*** INPUT ***
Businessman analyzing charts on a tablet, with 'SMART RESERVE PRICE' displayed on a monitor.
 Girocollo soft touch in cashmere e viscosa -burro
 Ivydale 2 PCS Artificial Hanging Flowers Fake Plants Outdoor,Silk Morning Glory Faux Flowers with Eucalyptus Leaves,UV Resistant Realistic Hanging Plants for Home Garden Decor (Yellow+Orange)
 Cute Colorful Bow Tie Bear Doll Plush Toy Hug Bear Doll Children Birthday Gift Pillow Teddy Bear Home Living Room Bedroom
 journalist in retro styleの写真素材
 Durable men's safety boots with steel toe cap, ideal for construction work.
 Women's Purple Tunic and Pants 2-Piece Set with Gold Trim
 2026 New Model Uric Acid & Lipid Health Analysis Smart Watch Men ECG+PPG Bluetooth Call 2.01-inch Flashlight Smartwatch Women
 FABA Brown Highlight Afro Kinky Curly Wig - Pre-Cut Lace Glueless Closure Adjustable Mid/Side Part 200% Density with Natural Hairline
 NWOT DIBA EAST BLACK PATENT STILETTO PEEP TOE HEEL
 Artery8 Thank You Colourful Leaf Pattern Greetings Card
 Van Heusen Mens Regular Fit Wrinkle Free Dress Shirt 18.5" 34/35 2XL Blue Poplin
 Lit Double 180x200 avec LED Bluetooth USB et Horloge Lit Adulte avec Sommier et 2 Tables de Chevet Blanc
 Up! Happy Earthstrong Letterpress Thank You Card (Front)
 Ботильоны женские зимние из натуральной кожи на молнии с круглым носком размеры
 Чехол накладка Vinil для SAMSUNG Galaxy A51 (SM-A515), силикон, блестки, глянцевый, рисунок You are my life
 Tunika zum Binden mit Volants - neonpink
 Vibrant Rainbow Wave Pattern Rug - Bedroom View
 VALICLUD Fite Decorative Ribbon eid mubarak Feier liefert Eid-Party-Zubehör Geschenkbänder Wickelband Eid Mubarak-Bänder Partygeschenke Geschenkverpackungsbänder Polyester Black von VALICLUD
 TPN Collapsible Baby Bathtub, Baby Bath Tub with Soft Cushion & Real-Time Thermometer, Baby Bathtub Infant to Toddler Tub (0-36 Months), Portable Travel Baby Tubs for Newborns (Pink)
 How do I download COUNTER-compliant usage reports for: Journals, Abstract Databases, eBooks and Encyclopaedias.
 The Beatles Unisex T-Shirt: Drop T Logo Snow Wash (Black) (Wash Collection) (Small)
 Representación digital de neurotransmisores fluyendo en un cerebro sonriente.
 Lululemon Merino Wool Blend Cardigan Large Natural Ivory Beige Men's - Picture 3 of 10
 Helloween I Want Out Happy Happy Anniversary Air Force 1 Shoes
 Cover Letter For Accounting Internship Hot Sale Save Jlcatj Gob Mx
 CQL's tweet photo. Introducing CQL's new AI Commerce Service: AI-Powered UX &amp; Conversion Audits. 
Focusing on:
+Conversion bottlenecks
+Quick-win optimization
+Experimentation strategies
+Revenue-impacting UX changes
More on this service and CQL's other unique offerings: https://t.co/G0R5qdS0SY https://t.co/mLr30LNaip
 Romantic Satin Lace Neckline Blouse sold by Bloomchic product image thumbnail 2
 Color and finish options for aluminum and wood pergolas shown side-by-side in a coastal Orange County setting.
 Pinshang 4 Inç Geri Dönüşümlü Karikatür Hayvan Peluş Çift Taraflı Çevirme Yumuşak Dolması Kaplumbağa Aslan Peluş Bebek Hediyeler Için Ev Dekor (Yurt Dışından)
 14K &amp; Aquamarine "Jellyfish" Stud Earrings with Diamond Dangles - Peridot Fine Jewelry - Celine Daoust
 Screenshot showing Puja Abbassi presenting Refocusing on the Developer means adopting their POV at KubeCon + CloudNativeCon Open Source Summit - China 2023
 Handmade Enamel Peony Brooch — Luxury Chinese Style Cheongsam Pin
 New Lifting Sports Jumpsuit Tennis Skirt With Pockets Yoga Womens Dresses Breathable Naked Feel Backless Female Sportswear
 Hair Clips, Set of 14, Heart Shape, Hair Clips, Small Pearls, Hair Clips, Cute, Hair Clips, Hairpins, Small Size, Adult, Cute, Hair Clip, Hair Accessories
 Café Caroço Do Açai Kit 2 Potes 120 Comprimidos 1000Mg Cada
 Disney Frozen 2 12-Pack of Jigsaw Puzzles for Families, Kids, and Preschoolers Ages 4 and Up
*** End of INPUT ***
* _WHAT THE TASK ASKS_: Each record should be returned precisely as written.

* _ANSWER TO THIS TASK_:
Businessman analyzing charts on a tablet, with 'SMART RESERVE PRICE' displayed on a monitor.
 Girocollo soft touch in cashmere e viscosa -burro
 Ivydale 2 PCS Artificial Hanging Flowers Fake Plants Outdoor,Silk Morning Glory Faux Flowers with Eucalyptus Leaves,UV Resistant Realistic Hanging Plants for Home Garden Decor (Yellow+Orange)
 Cute Colorful Bow Tie Bear Doll Plush Toy Hug Bear Doll Children Birthday Gift Pillow Teddy Bear Home Living Room Bedroom
 journalist in retro styleの写真素材
 Durable men's safety boots with steel toe cap, ideal for construction work.
 Women's Purple Tunic and Pants 2-Piece Set with Gold Trim
 2026 New Model Uric Acid & Lipid Health Analysis Smart Watch Men ECG+PPG Bluetooth Call 2.01-inch Flashlight Smartwatch Women
 FABA Brown Highlight Afro Kinky Curly Wig - Pre-Cut Lace Glueless Closure Adjustable Mid/Side Part 200% Density with Natural Hairline
 NWOT DIBA EAST BLACK PATENT STILETTO PEEP TOE HEEL
 Artery8 Thank You Colourful Leaf Pattern Greetings Card
 Van Heusen Mens Regular Fit Wrinkle Free Dress Shirt 18.5" 34/35 2XL Blue Poplin
 Lit Double 180x200 avec LED Bluetooth USB et Horloge Lit Adulte avec Sommier et 2 Tables de Chevet Blanc
 Up! Happy Earthstrong Letterpress Thank You Card (Front)
 Ботильоны женские зимние из натуральной кожи на молнии с круглым носком размеры
 Чехол накладка Vinil для SAMSUNG Galaxy A51 (SM-A515), силикон, блестки, глянцевый, рисунок You are my life
 Tunika zum Binden mit Volants - neonpink
 Vibrant Rainbow Wave Pattern Rug - Bedroom View
 VALICLUD Fite Decorative Ribbon eid mubarak Feier liefert Eid-Party-Zubehör Geschenkbänder Wickelband Eid Mubarak-Bänder Partygeschenke Geschenkverpackungsbänder Polyester Black von VALICLUD
 TPN Collapsible Baby Bathtub, Baby Bath Tub with Soft Cushion & Real-Time Thermometer, Baby Bathtub Infant to Toddler Tub (0-36 Months), Portable Travel Baby Tubs for Newborns (Pink)
 How do I download COUNTER-compliant usage reports for: Journals, Abstract Databases, eBooks and Encyclopaedias.
 The Beatles Unisex T-Shirt: Drop T Logo Snow Wash (Black) (Wash Collection) (Small)
 Representación digital de neurotransmisores fluyendo en un cerebro sonriente.
 Lululemon Merino Wool Blend Cardigan Large Natural Ivory Beige Men's - Picture 3 of 10
 Helloween I Want Out Happy Happy Anniversary Air Force 1 Shoes
 Cover Letter For Accounting Internship Hot Sale Save Jlcatj Gob Mx
 CQL's tweet photo. Introducing CQL's new AI Commerce Service: AI-Powered UX &amp; Conversion Audits. 
Focusing on:
+Conversion bottlenecks
+Quick-win optimization
+Experimentation strategies
+Revenue-impacting UX changes
More on this service and CQL's other unique offerings: https://t.co/G0R5qdS0SY https://t.co/mLr30LNaip
 Romantic Satin Lace Neckline Blouse sold by Bloomchic product image thumbnail 2
 Color and finish options for aluminum and wood pergolas shown side-by-side in a coastal Orange County setting.
 Pinshang 4 Inç Geri Dönüşümlü Karikatür Hayvan Peluş Çift Taraflı Çevirme Yumuşak Dolması Kaplumbağa Aslan Peluş Bebek Hediyeler Için Ev Dekor (Yurt Dışından)
 14K &amp; Aquamarine "Jellyfish" Stud Earrings with Diamond Dangles - Peridot Fine Jewelry - Celine Daoust
 Screenshot showing Puja Abbassi presenting Refocusing on the Developer means adopting their POV at KubeCon + CloudNativeCon Open Source Summit - China 2023
 Handmade Enamel Peony Brooch — Luxury Chinese Style Cheongsam Pin
 New Lifting Sports Jumpsuit Tennis Skirt With Pockets Yoga Womens Dresses Breathable Naked Feel Backless Female Sportswear
 Hair Clips, Set of 14, Heart Shape, Hair Clips, Small Pearls, Hair Clips, Cute, Hair Clips, Hairpins, Small Size, Adult, Cute, Hair Clip, Hair Accessories
 Café Caroço Do Açai Kit 2 Potes 120 Comprimidos 1000Mg Cada
 Disney Frozen 2 12-Pack of Jigsaw Puzzles for Families, Kids, and Preschoolers Ages 4 and Up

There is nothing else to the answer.